Event coreference resolution (ECR) is the task of determining whether distinct mentions of events within a multi-document corpus are actually linked to the same underlying occurrence. Images of the events can help facilitate resolution when language is ambiguous. Here, we propose a multimodal cross-document event coreference resolution method that integrates visual and textual cues with a simple linear map between vision and language models. As existing ECR benchmark datasets rarely provide images for all event mentions, we augment the popular ECB+ dataset with event-centric images scraped from the internet and generated using image diffusion models. We establish three methods that incorporate images and text for coreference: 1) a standard fused model with finetuning, 2) a novel linear mapping method without finetuning and 3) an ensembling approach based on splitting mention pairs by semantic and discourse-level difficulty. We evaluate on 2 datasets: the augmented ECB+, and AIDA Phase 1. Our ensemble systems using cross-modal linear mapping establish an upper limit (91.9 CoNLL F1) on ECB+ ECR performance given the preprocessing assumptions used, and establish a novel baseline on AIDA Phase 1. Our results demonstrate the utility of multimodal information in ECR for certain challenging coreference problems, and highlight a need for more multimodal resources in the coreference resolution space.
Paper Structure (31 sections, 8 equations, 4 figures, 9 tables)

This paper contains 31 sections, 8 equations, 4 figures, 9 tables.

Figures (4)

  • Figure 1: Our approach for Multimodal CDCR using Lin-Sem. Linear Mapping ( Lin-Sem) procedure between the distinct text and image embedding spaces for an event pair in the ECB+ corpus. Arg1 and Arg2 refer to the individual images in the pair and the trigger events (in yellow) surrounded by the <m> and </m> special tokens embedded in the text-encoder (LLM).
  • Figure 2: Pairwise encoding time in GPU seconds (log-scale on y-axis) for text (Longformer), vision (ViT), and fused models vs.
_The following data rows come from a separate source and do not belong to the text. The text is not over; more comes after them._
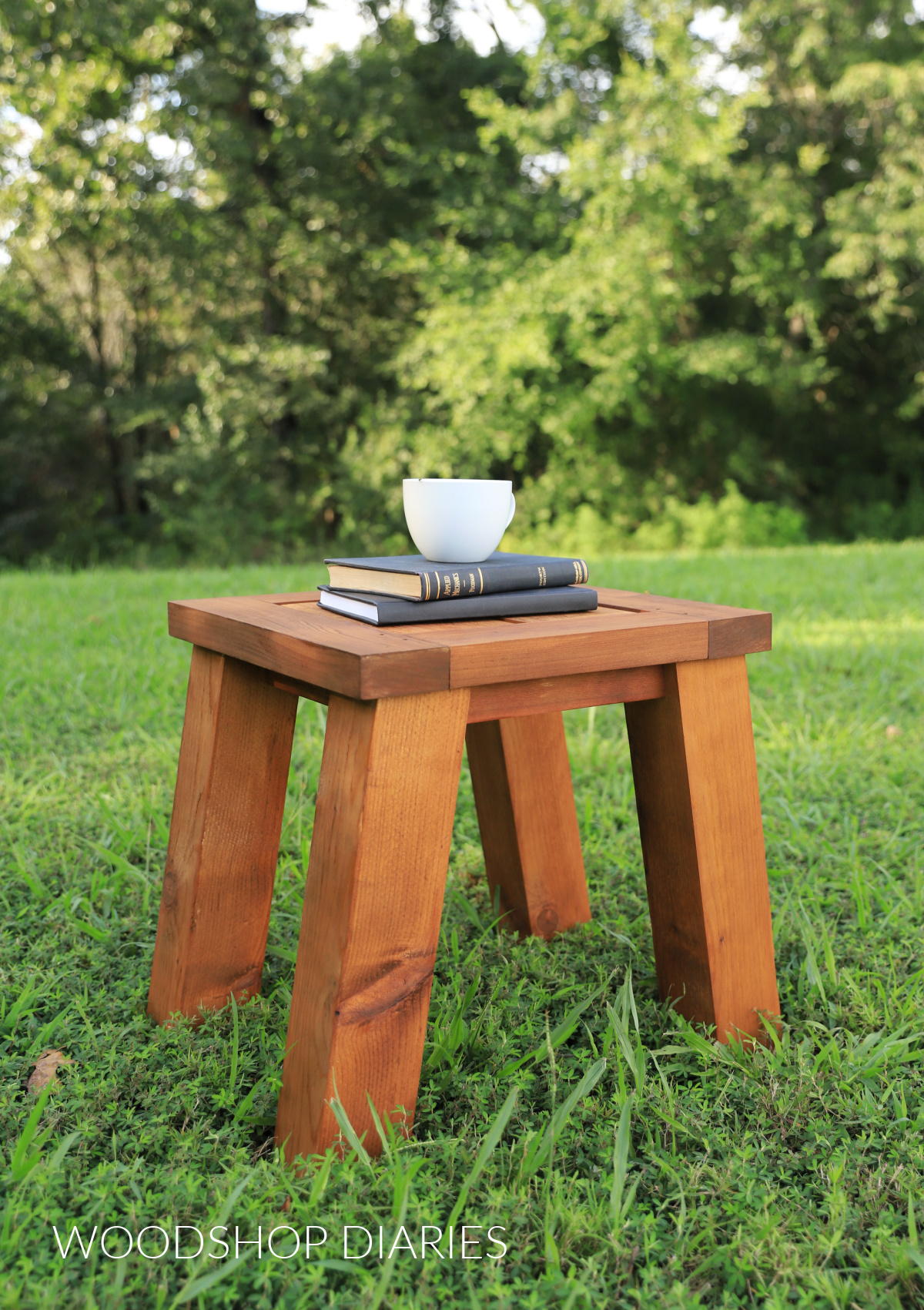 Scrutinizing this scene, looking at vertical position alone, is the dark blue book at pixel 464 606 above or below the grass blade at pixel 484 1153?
above

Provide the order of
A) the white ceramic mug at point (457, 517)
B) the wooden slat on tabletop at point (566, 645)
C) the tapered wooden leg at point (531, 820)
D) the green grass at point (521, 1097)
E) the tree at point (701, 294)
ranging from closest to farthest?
the green grass at point (521, 1097) < the wooden slat on tabletop at point (566, 645) < the white ceramic mug at point (457, 517) < the tapered wooden leg at point (531, 820) < the tree at point (701, 294)

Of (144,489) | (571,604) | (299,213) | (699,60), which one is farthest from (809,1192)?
(144,489)

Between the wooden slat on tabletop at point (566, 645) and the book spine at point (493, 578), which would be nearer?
the wooden slat on tabletop at point (566, 645)

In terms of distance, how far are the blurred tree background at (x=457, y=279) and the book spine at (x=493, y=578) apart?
29.4ft

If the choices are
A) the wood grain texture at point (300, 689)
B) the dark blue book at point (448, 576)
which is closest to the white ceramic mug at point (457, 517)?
the dark blue book at point (448, 576)

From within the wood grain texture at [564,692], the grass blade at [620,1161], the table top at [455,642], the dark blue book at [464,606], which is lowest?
A: the grass blade at [620,1161]

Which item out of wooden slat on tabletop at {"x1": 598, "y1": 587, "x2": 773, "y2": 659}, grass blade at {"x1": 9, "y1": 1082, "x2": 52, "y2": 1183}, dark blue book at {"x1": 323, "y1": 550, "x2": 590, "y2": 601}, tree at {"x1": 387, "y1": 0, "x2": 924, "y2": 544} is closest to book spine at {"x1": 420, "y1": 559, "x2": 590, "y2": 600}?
dark blue book at {"x1": 323, "y1": 550, "x2": 590, "y2": 601}

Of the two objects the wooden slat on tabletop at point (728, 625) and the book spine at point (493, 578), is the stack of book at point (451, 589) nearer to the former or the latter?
the book spine at point (493, 578)

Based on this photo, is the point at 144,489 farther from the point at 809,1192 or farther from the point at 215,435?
the point at 809,1192

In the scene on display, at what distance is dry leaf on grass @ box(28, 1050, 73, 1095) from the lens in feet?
4.03

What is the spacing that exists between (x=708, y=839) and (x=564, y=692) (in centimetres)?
30

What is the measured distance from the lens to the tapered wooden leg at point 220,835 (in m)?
1.33

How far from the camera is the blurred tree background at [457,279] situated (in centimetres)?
969

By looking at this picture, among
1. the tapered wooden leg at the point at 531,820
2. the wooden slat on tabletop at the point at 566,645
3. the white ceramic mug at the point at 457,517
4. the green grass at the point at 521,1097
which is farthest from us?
the tapered wooden leg at the point at 531,820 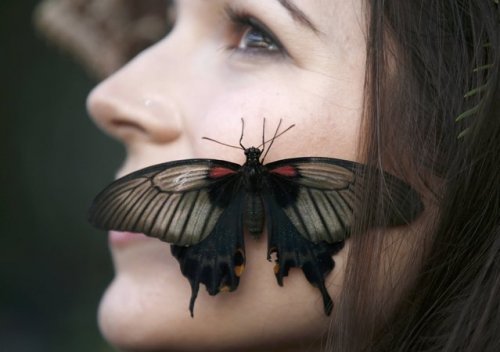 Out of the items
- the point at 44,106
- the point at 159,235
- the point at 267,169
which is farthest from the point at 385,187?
the point at 44,106

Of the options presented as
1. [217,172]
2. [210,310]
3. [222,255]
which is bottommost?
[210,310]

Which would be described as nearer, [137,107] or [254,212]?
[254,212]

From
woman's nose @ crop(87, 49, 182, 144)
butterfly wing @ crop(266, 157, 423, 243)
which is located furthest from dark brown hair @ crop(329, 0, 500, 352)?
woman's nose @ crop(87, 49, 182, 144)

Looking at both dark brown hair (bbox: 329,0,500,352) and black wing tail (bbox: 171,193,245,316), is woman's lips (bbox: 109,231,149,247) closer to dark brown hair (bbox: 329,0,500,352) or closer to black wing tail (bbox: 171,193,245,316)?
black wing tail (bbox: 171,193,245,316)

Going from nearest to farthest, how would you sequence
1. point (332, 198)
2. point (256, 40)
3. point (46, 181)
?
1. point (332, 198)
2. point (256, 40)
3. point (46, 181)

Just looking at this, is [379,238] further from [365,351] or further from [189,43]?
[189,43]

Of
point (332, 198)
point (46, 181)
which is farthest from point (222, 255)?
point (46, 181)

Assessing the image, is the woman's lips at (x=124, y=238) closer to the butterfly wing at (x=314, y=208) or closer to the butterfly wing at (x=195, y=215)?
the butterfly wing at (x=195, y=215)

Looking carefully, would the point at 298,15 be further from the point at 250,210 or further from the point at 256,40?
the point at 250,210

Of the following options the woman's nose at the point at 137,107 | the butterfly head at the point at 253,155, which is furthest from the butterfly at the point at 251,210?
the woman's nose at the point at 137,107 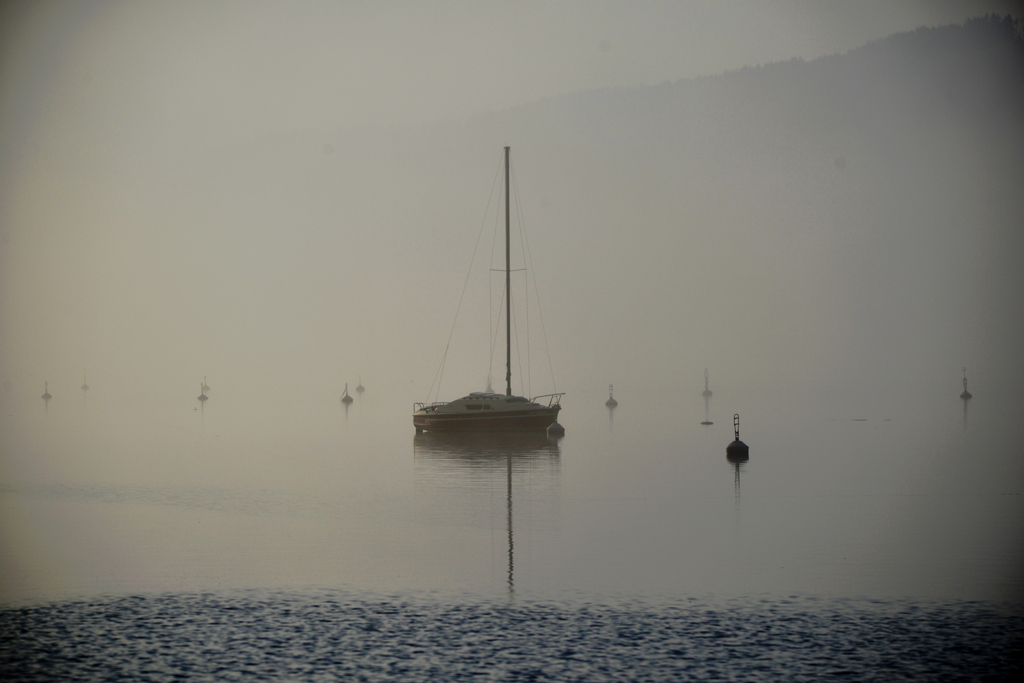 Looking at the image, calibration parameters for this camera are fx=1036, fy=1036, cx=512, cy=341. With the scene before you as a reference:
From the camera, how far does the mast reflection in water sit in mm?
45656

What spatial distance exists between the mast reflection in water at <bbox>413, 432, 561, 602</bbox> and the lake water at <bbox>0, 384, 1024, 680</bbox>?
0.41 meters

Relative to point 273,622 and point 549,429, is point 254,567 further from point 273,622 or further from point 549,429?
point 549,429

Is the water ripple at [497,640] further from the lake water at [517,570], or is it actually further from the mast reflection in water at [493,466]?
the mast reflection in water at [493,466]

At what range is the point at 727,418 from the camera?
12925 centimetres

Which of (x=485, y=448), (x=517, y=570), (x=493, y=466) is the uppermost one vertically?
(x=485, y=448)

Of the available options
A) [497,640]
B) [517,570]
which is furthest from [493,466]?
[497,640]

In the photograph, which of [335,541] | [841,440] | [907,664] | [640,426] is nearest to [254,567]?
[335,541]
Bidirectional Linear Mapping ( Lin-Sem) as a function of the number of train pairs in ECB+.
  • Figure 3: Kernel Density Estimation plots of semantic-discourse similarity scores (including Wu-Palmer similarity) for mention pair difficulty categories in ECB+ (L) and AIDA Phase 1 (R), showing a clear demarcation of easy and hard pairs in positive and negative labels. easy_pos and hard_neg pairs have a high semantic similarity distribution while easy_neg and hard_pos pairs have lower semantic similarity distribution.
  • Figure 4: Sample coreferent event pairs from ECB+ that were correctly linked by our best multimodal ensemble ($\texttt{ViT}$-real→ $\texttt{LLM}$ + $\texttt{LLM}$ → $\texttt{BEiT}$-real + $\texttt{LLM}$), but not by the text-only model. Event-triggers are highlighted in yellow and text in italics illustrates lexical ambiguity or misleading lexical overlap.